Interesting discussions last week at the Senate Estimates hearings on the Foreign Affairs, Defence and Trade portfolio. One of the key interrogators, Senator Trood, has confirmed our view that our diplomatic services are perilously close to critical condition.
In an ABC interview with Monica Attard last month, the new Secretary of DFAT, Dennis Richardson, called the under-resourcing of his department 'the great hangover', a reference to 'the contraction in the size of the department between the early 90s and 2008'. While the Australian publlic service grew by around 25-30 per cent from 1996-2008, he told Ms Attard, DFAT shrank by 11 per cent. Richardson used the evocative 'hangover' metaphor again in Estimates last week.
A figure Mr Richardson could have referred to, but didn't, was the shrinkage in Australia's overseas representation, which plummeted from 870 Australia-based staff overseas in 1989 to 537 in 2009, according to DFAT annual reports. That's a very ill-looking 38 per cent dismemberment. Right at a time of rapid globalisation. As Ms Attard queried, 'can you continue to pursue the Prime Minister's objectives like the Asia Pacific community by 2020 with that sort of money?'
More importantly, can DFAT perform even its most basic functions with that sort of money?
Senator Trood used the consular affairs function as an example. Every year, the number of Australians travelling overseas increases. It doubled between 1999 and 2009, and having hit the 6 million mark last year, will grow again by around 12 per cent this year, according to April Bureau of Statistics numbers. Around 25-30,000 of these will call on DFAT for assistance — and this demand is growing both in number and in complexity.
Pressed on the increase in consular demand, Mr Richardson conceded that this particular 'pressure point' was only going to worsen over the next few years.
The department's great resource is its staff. In October last year, the Committee heard, 110 additional staff were to be recruited. That commitment was reduced to 74 this year. This budget, according to Mr Richardson, promises 59 additional staff. That's a commitment for 133 additional staff over the last two years.

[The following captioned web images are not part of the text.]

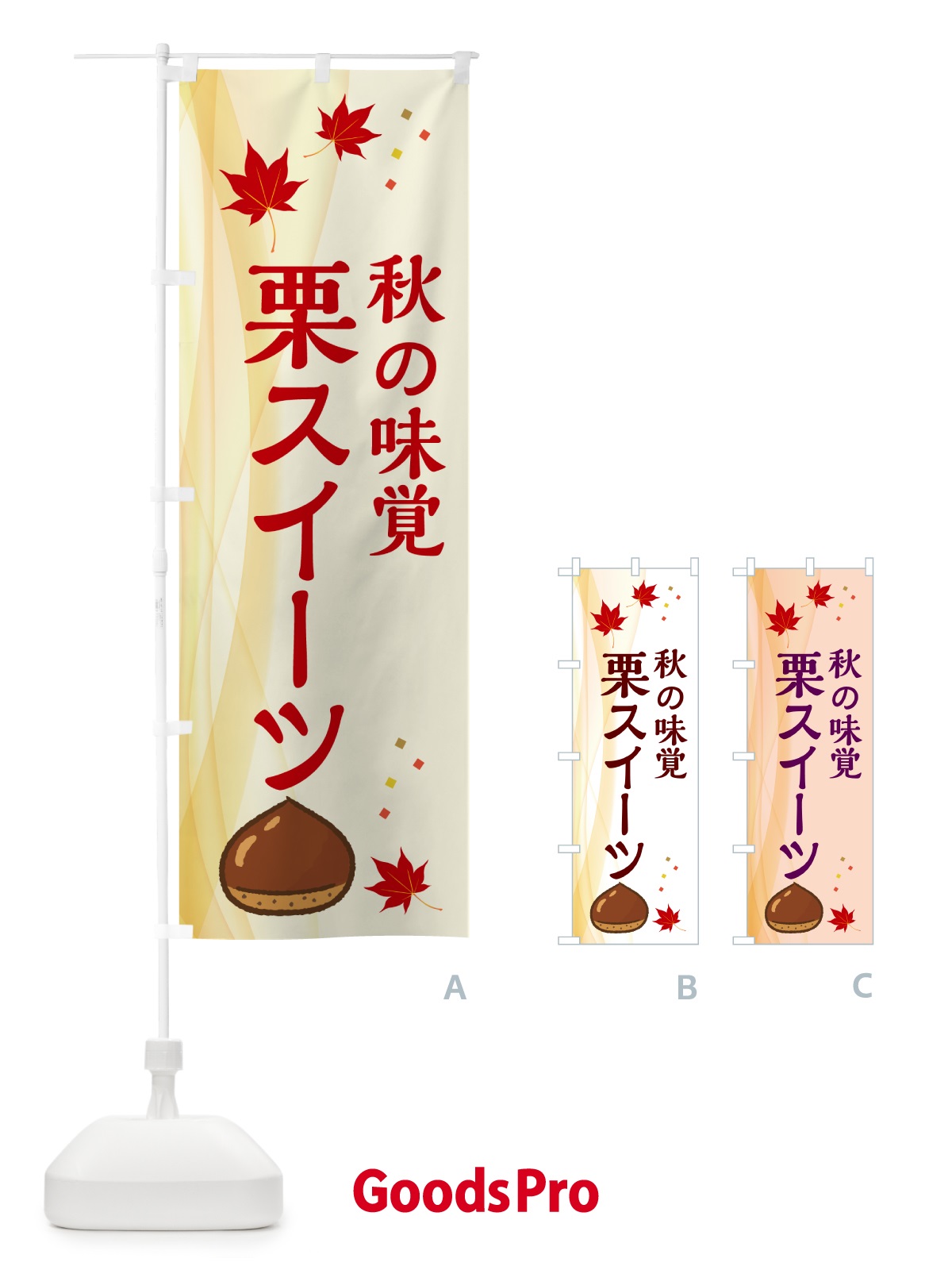 のぼり 栗スイーツ のぼり旗 N1F1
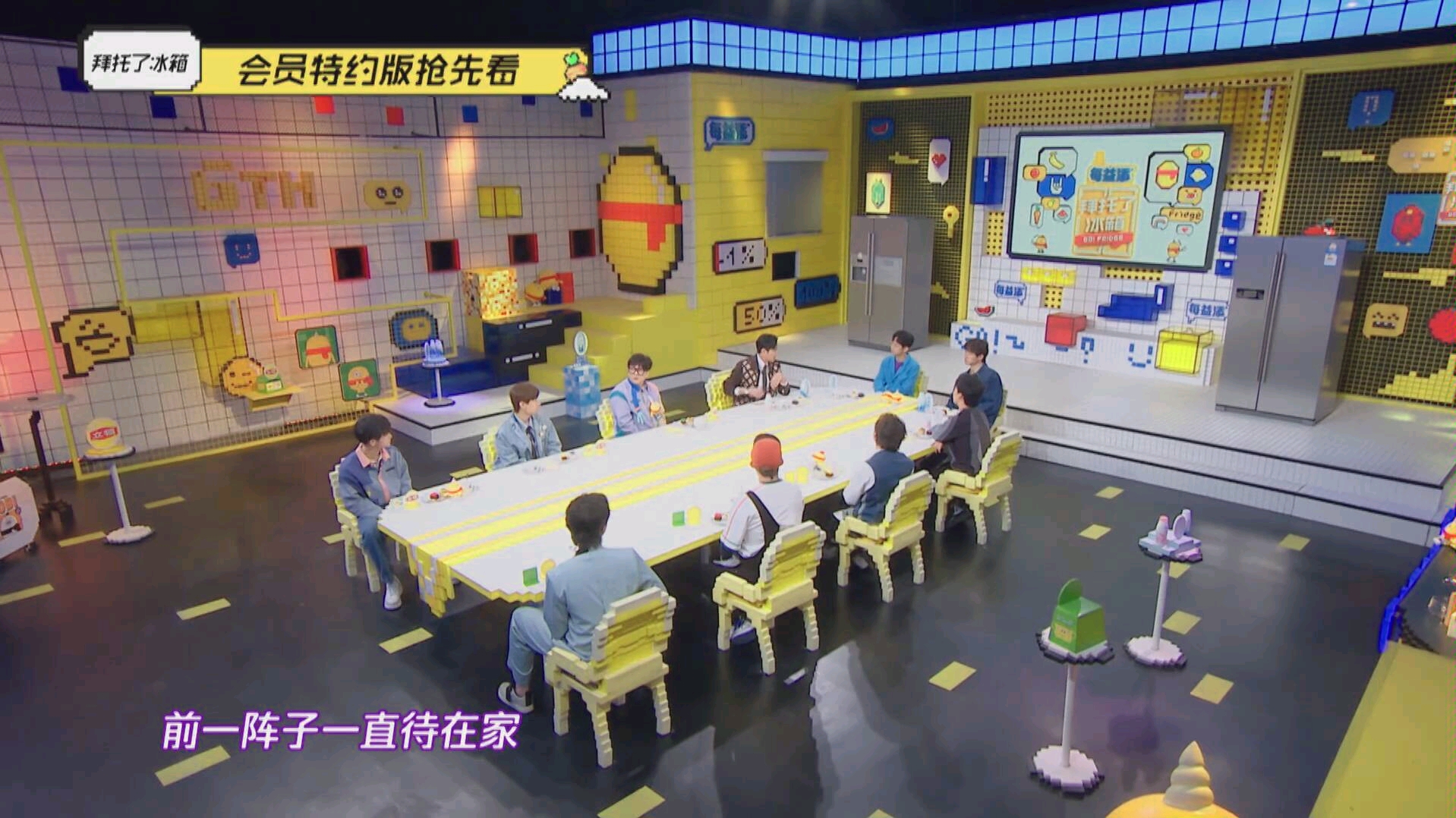 拜托了冰箱(特约版)集合(看评论)_哔哩哔哩_bilibili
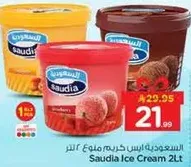 ايس كريم سعوديه 2 لتر
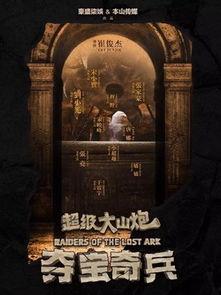 超级大山炮之夺宝奇兵在线观看,探险之旅,宝藏揭秘  第3张 超级大山炮之夺宝奇兵在线观看,探险之旅,宝藏揭秘  第3张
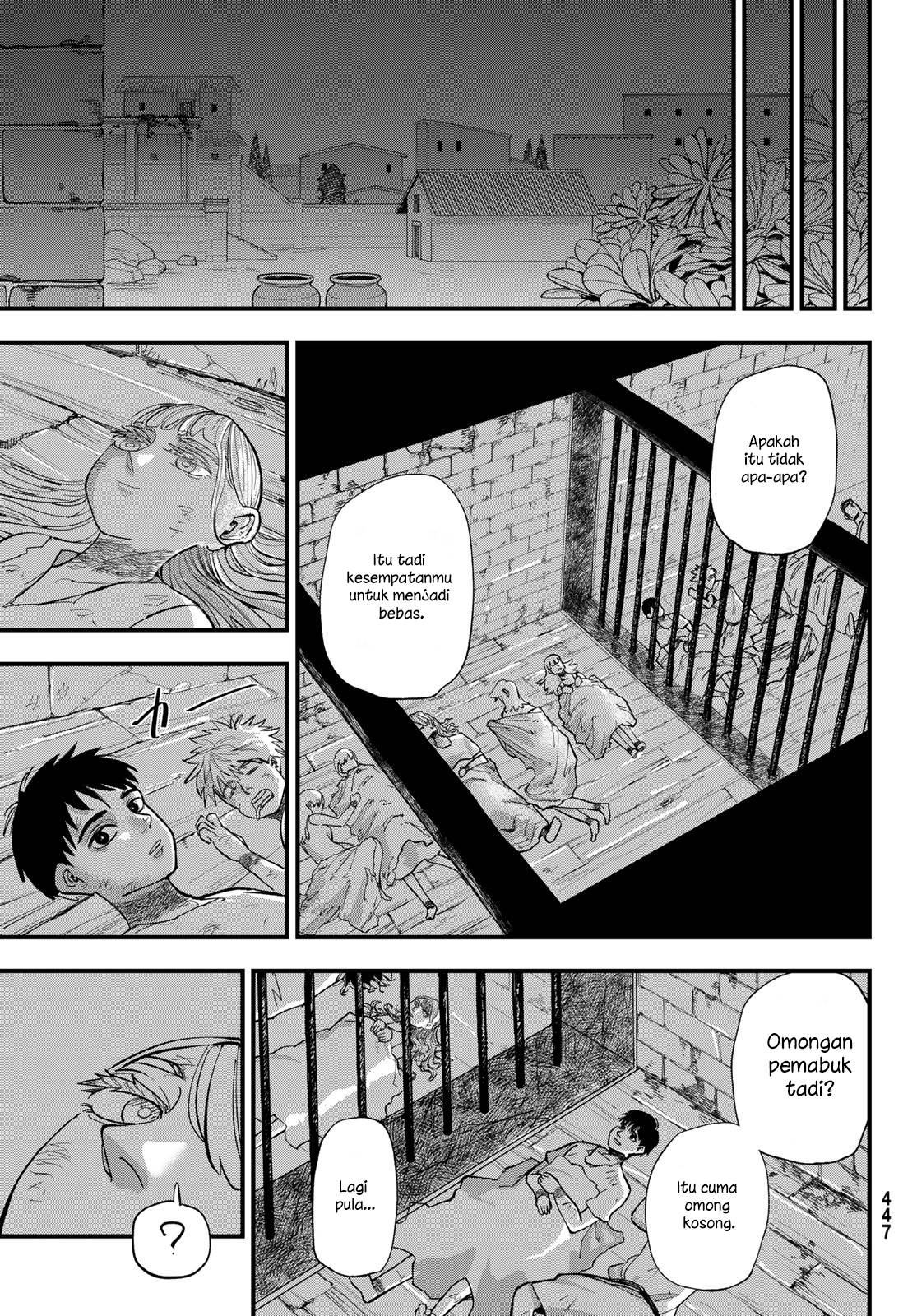 Panel 33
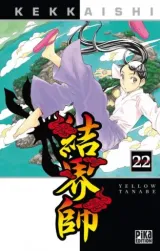 Vol. 22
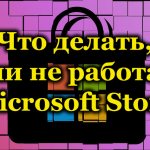 What to do if Microsoft Store doesn&#39;t work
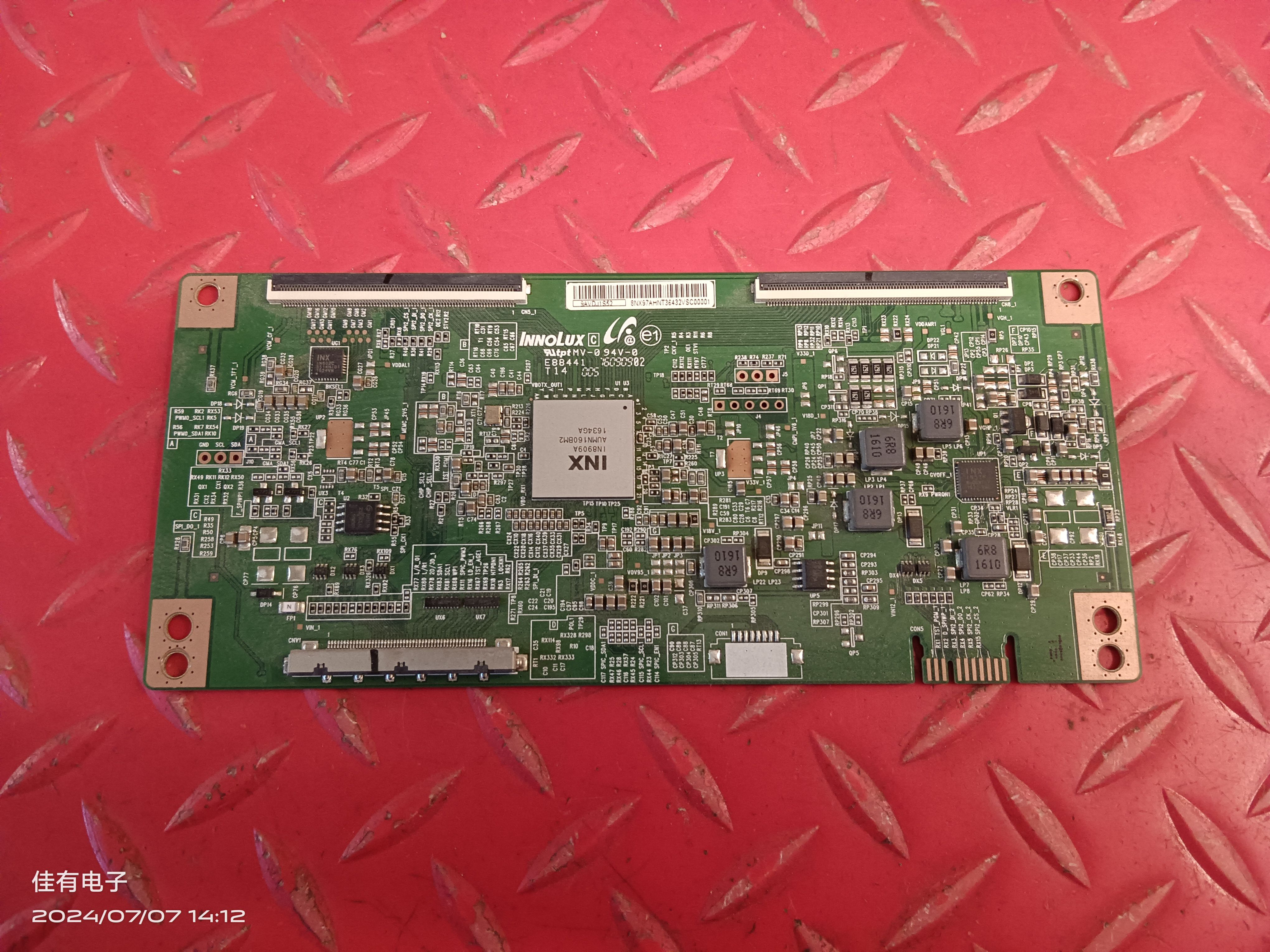 原装创维45E5逻辑板 9AVDJ1S52 芯片IN8909A 屏SDL450WY(QD0-A00)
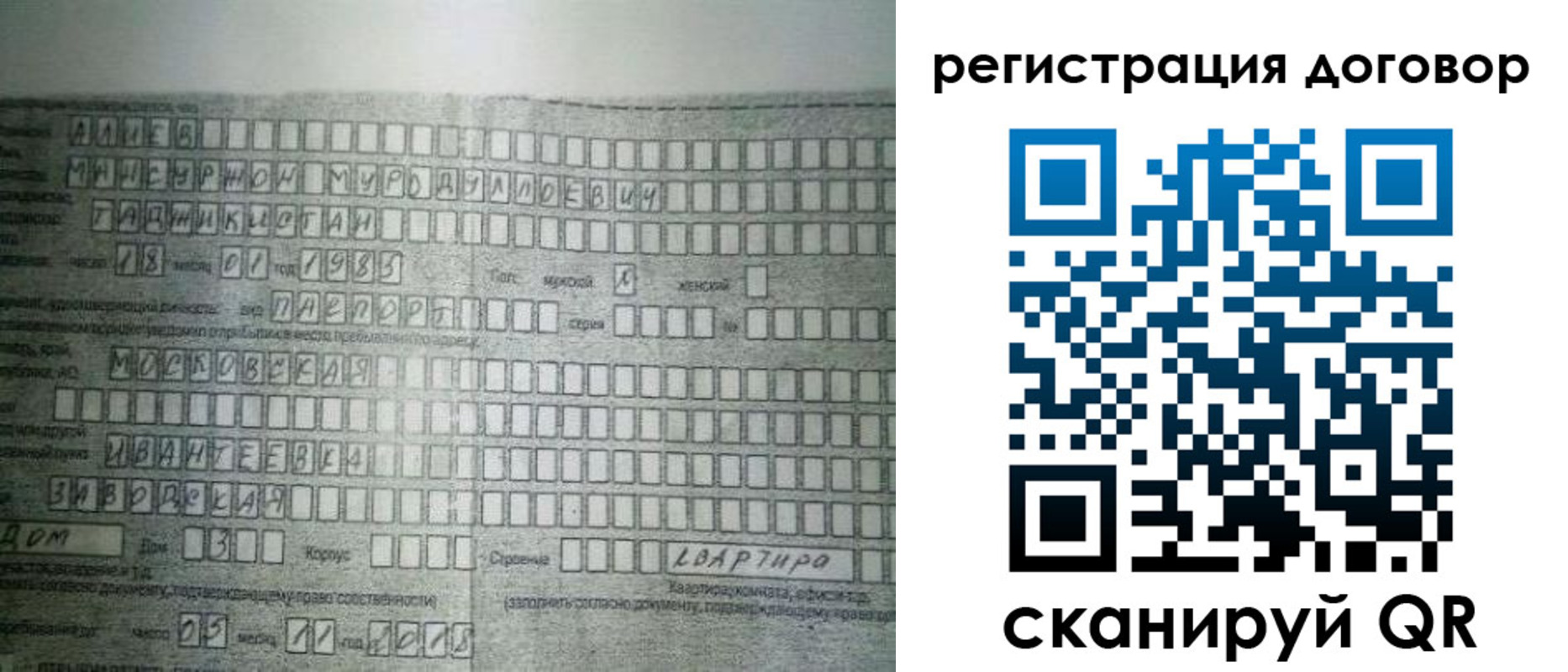 прописка от собственника в Сосновке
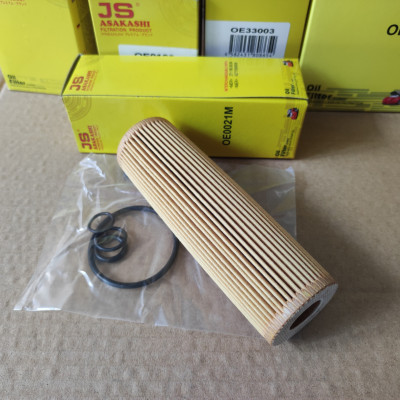 Lọc nhớt Mercedes E200 2010-2016-OE0021M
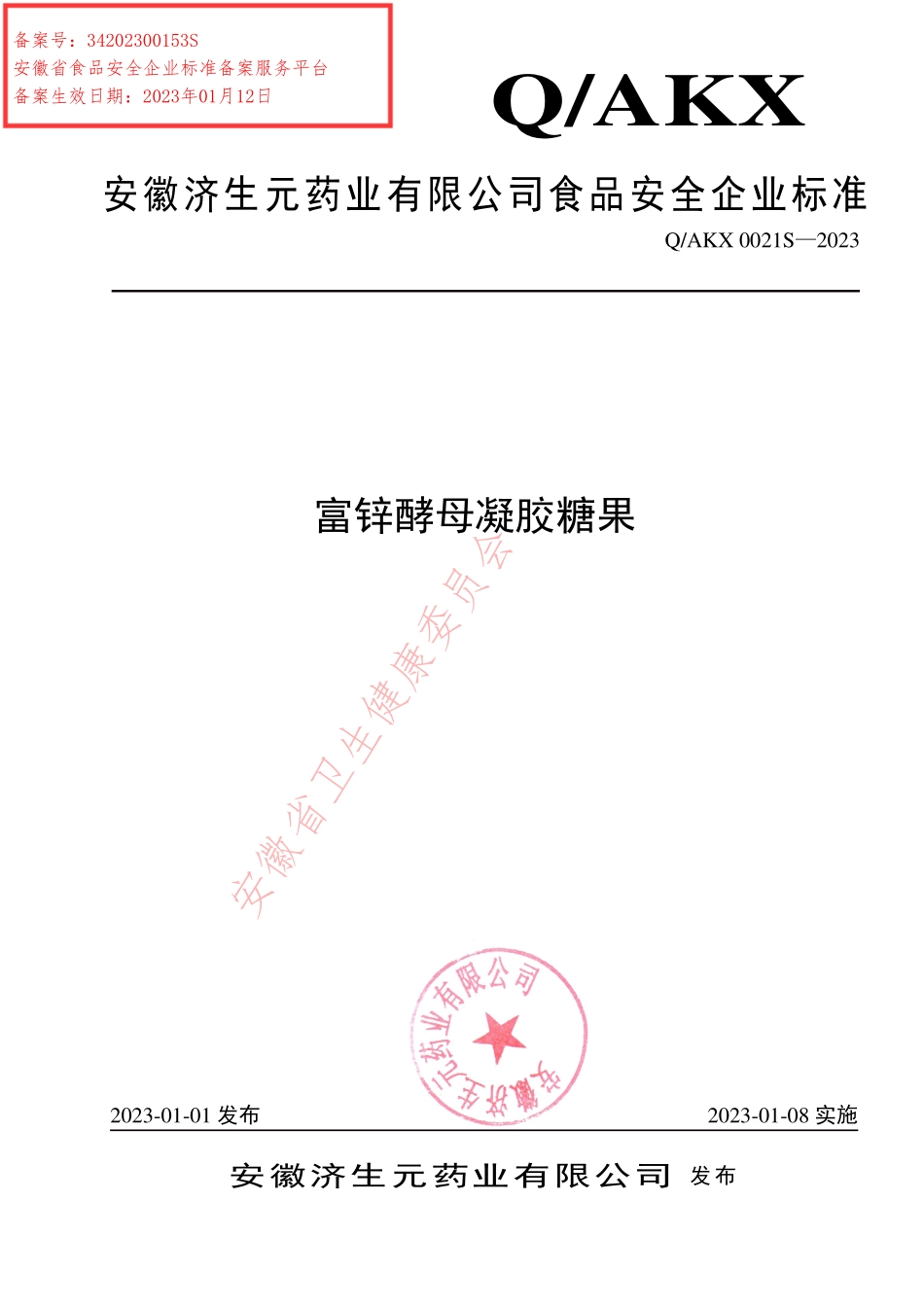 QAKX 0021 S-2023 富锌酵母凝胶糖果.pdf_第1页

But seven were withdrawn from our largest overseas posts following last year's budget. And while at June 2009 there were 537 Australia-based staff overseas, by June 2011, according to Mr Richardson, there will be around 570. By my count, that's 33 additional staff overseas. Only one in four of the additional staff recruited will be in frontline positions — where the bulk of the consular workload falls.
Senator Trood probed persistently about the challenges facing DFAT and the money it has at its disposal. What came out in the hearings was that, despite the modest funding increase of around $200 million (partly reversing cuts over the previous years), the 'engine room' of DFAT — where policy-making takes place — is not receiving any part of this additional funding. It's in what Mr Richardson called 'a steady state'.
This steady state is unlikely to cure the department's 'great hangover'.